Hatsue found that she was married to a war veteran and this was the crucial fact of her marriage; the war had elicited in him a persistent guilt that lay over his soul like a shadow. For her this meant loving him in a manner she hadn’t anticipate before he’d left for the war. There was nothing of charity in it and she did not step lightly around his heart or indulge his sorrow or his whims. Instead she brought herself to his sorrows completely, not to console him but to give him time to become himself again. Without regrets she honored the obligation she felt to him and was happy to efface herself […] she took when she could a piece of his sorrow and stored it for him in her own heart.

p316

It is not only Kabuo who returned changed; Ishmael similarly is unable to feel as he once did, regarding everything with a new coolness and detachment, going through the motions of life, without actually living or wanting to live. Carl Heine too, who is also a war veteran, carries his own darkness and his own silence.

Susan Marie knew within three months of marrying Carl that she’d made an excellent choice. In his silent grave veteran’s way he was dependable and gentle. […] Carl had told her more than once – he’d repeated it just the other day – how since the war he couldn’t speak. Even his old friend were included in this, so that now Carl was a lonely man who understood land and work,  boat and sea, his own hands, better than his mouth and heart. […] He was a man who needed plenty of space, a vast terrain in which to operate. […] Carl needed room, far more room than his boat could offer, and anyway in order to put the war behind him – the Canton going down, men drowning while he watched – he would have to leave his boat for good and grow strawberries like his father. She knew this was the only way for her husband to grow sound; it was what made her willing, ultimately, to follow hm out to Island Centre.

p259-261

The wonderful unfolding of Carl and Susan Marie’s relationship draws the reader in powerfully, making one wish ardently Carl can go out to his strawberry fields, and heal, and live a full happy life with his beautiful, sensual wife and three children, and work hard and come home to them each day, forever. However, because Kabuo’s story and character are no less compelling, the reader is not then visited with the wish that he or anyone else be punished for Carl’s life being cut short untimely. It is not a writing which stirs up feelings of vengefulness or vindictiveness; it is, for all its grand scope and sweep, a gentle writing, which induces regret and sorrow while simultaneously thrilling to the beautiful and majesty of the same damaged humans and their lives.

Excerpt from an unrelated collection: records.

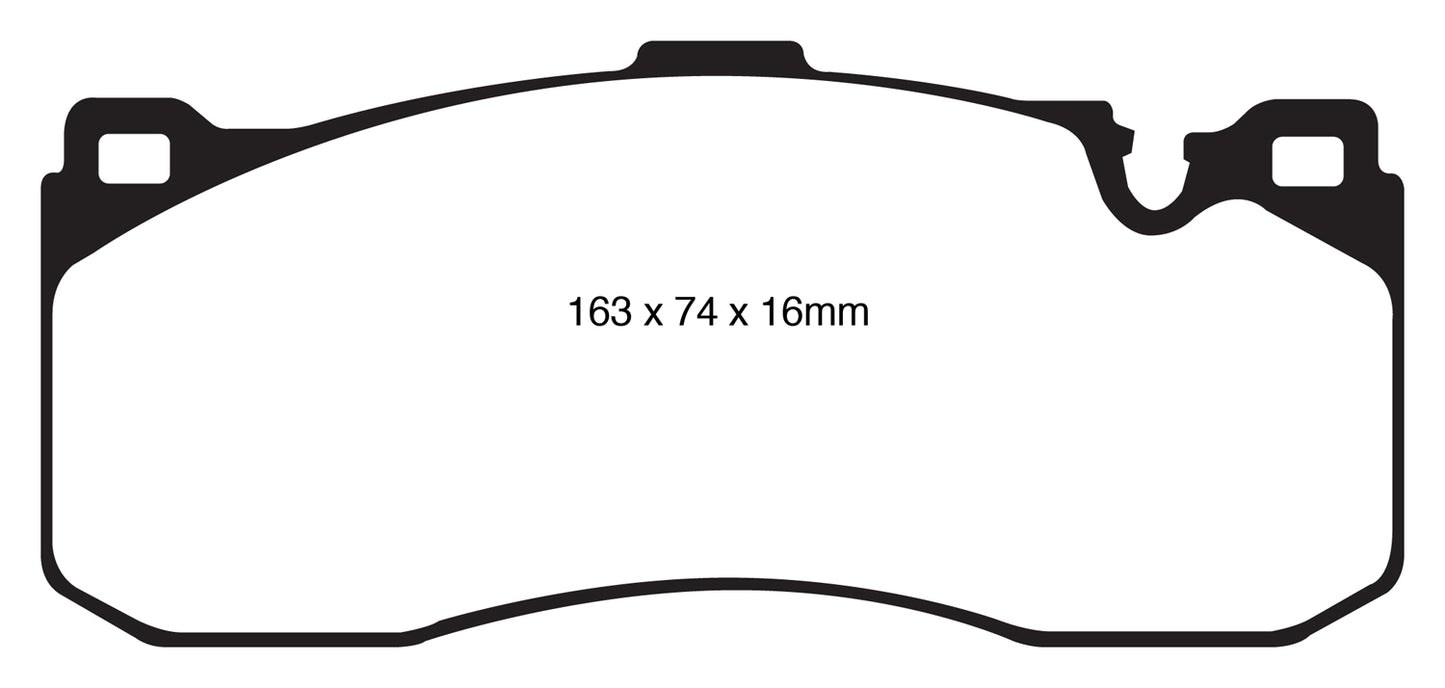 EBC DP31995C Redstuff Ceramic Low Dust Brake Pads
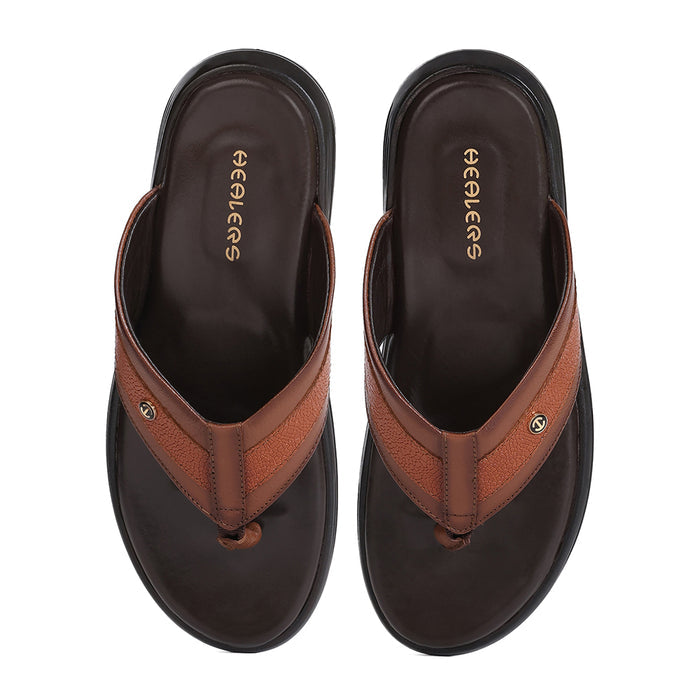 Buy Healers Lebron 1 Tan Casual Thong For Men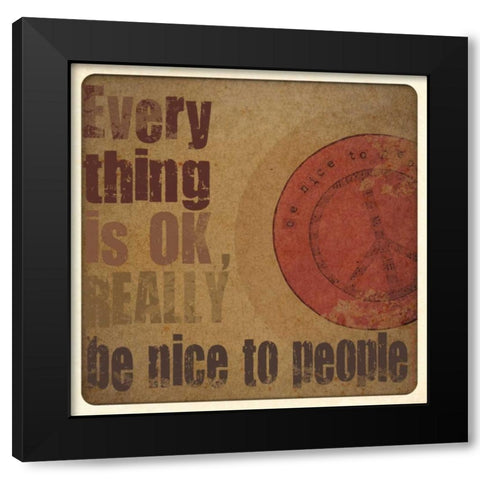 Its OK Black Modern Wood Framed Art Print with Double Matting by DiPaolo, Dan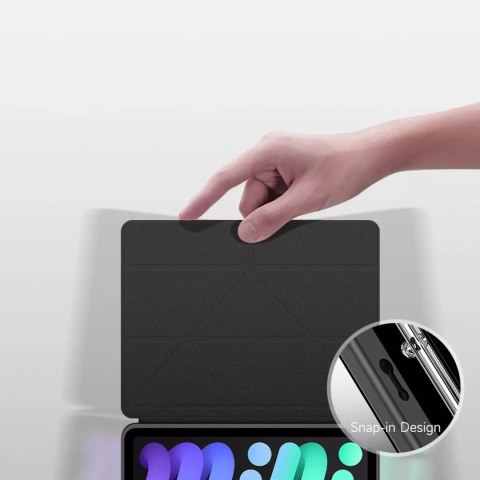 Dux Ducis Dux Ducis Magi etui do iPad mini 2021 pokrowiec smart cover z podstawką i schowkiem na Apple Pencil czarny Dux Ducis Dux Ducis Magi etui do iPad mini 2021 pokrowiec smart cover z podstawką i schowkiem na Apple Pencil czarny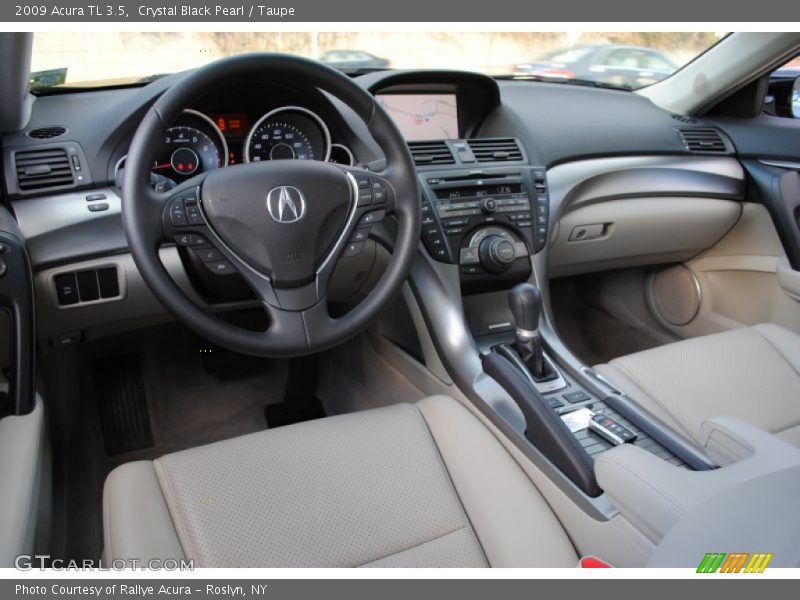 Crystal Black Pearl / Taupe 2009 Acura TL 3.5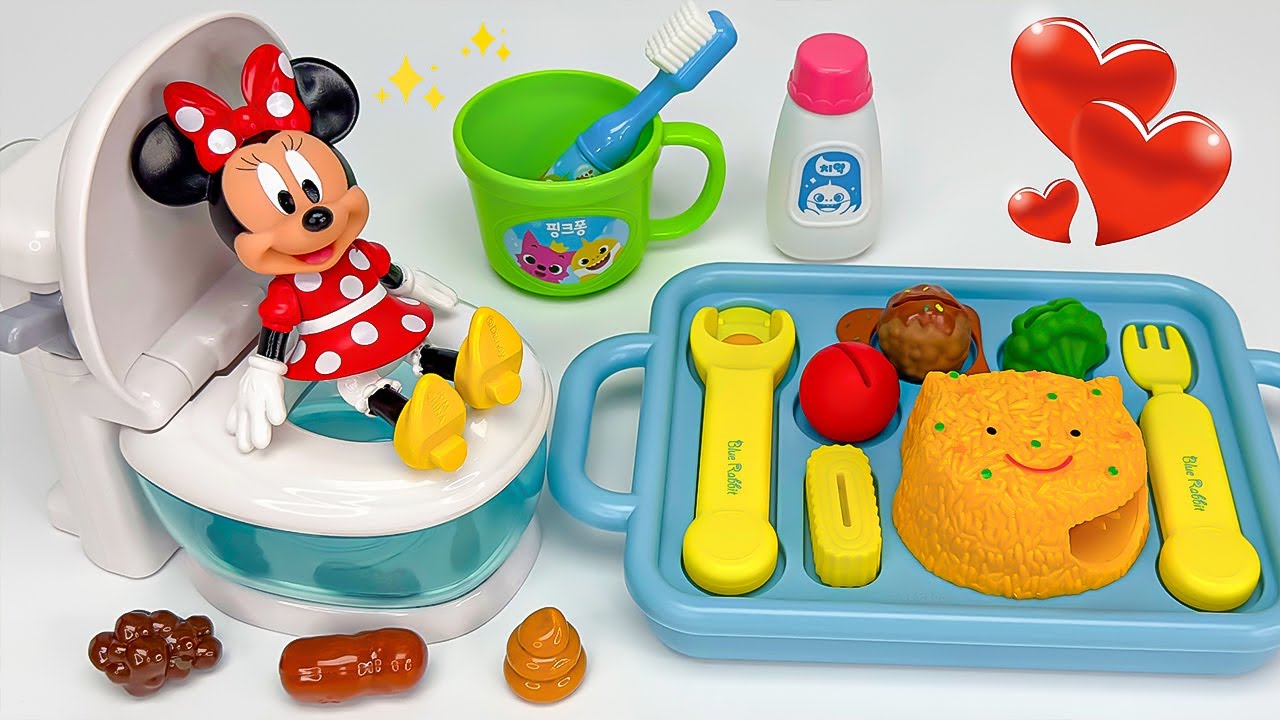 💩Mickey Mouse Potty training Toy & Eating ASMR🚽Zufriedenstellende Auspacken MICKEY Kochspielzeug 🍽️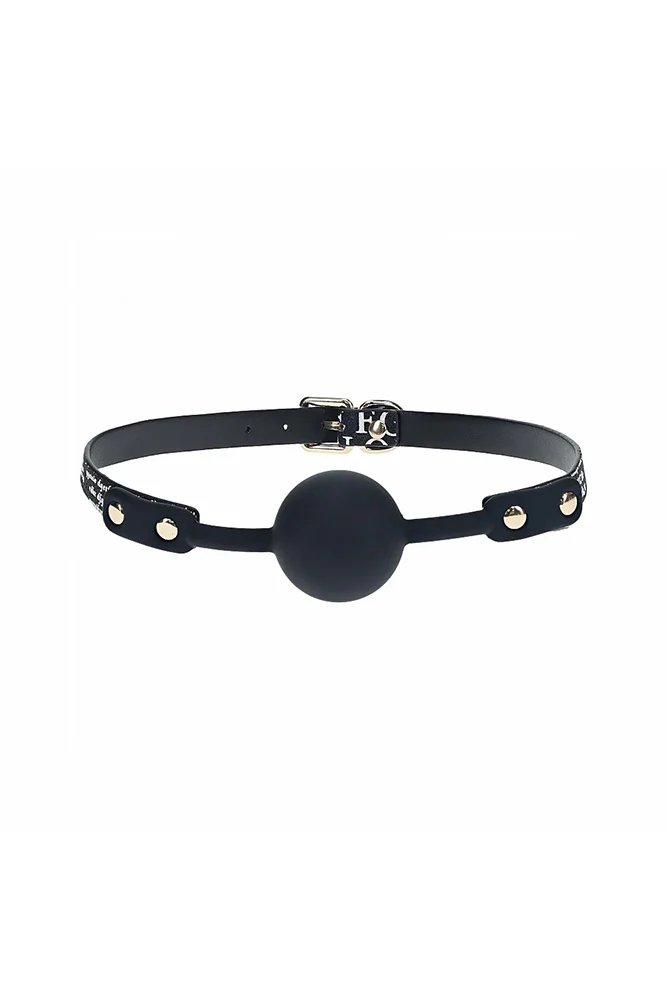 Ouch International - NY Collection - Silicone Breathable Ball Gag - Black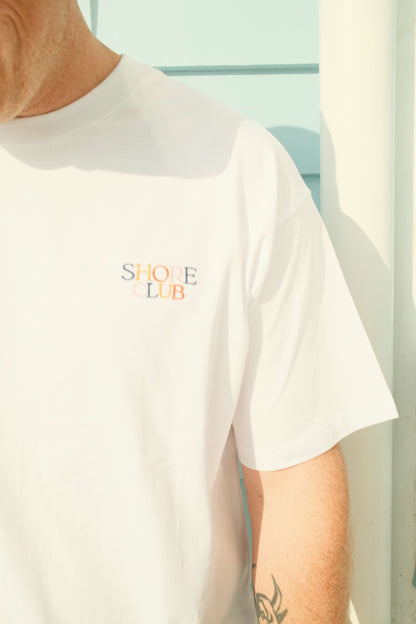 White Tee with Colour Logo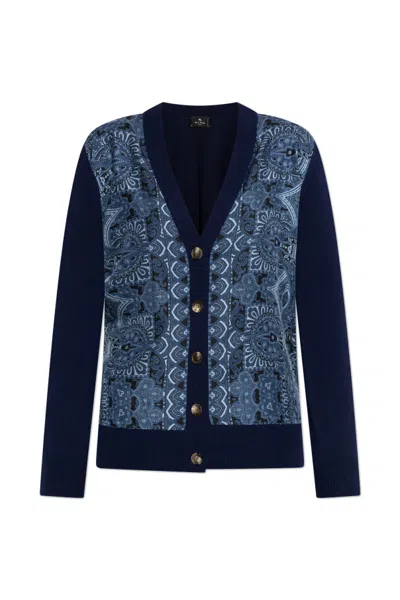 ETRO ETRO V-NECK BUTTONED CARDIGAN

It is the quality of writing which makes this novel. It is luminous and lyrical, spinning out the story at a pace of its own setting, as measured and balanced and self-disciplined as the key characters are in this novel. They feel passionately and yet delicately, they are intense but understated, their feelings run deep and yet quiet, and they are stoical and enduring. There are no villains here; it is a novel that is tragic because each character is remarkable, and yet each has to hurt others and be hurt. It is a world Guterson creates where its characters understand the seemingly now old-fashioned concept of honor, and try to live by its creed, and how that concept surprisingly holds remarkably consistent even when crossing cultures.